The Government have a robust regulatory regime in place that minimises biosecurity risks from imported material while meeting World Trade Organisation standards. Recipients of many Government grants are required to source trees from suppliers that meet the plant health management standard. Healthy saplings stay healthy because we prevent pathways for harm.
In our urban tree planting grants, we require evidence of good establishment rates, and we withhold payments where that has not been met. That is not always the case for planting that is not funded by Government—for example, on the new housing estate my hon. Friend talked about, where, despite planning conditions, the same effort towards tree survival is not always made.
We are improving guidance on what the right tree for the right place is and we urge people to use it. We have invested over £150,000 to investigate in greater detail the causes of mortality in recently planted trees. That work is ongoing.
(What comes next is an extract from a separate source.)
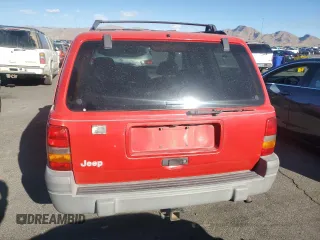 1997 Jeep Grand Cherokee Laredo with VIN 1J4GZ58S1VC760400, listed as a Copart auction lot 43932815 with 108,112 mi miles and Salvage Title. Bid and sale history available at carsss.com. Image 6.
Our Trees Outside Woodland project compared the survival rates of different establishment approaches and concluded last year.
The Forests With Impact programme is working with prisoners at His Majesty’s Prison Haverigg in Cumbria, where 250,000 saplings have been produced to create the forests of the future. This work offers prisoners a route out of crime and hope for their future when they leave prison.
I want to conclude by thanking everyone who loves trees: thank you for believing in the power of trees and in the potential of people, and for your commitment to a greener, fairer Britain. This Government will work with those who love trees, and we look forward to creating and amplifying the impact they make.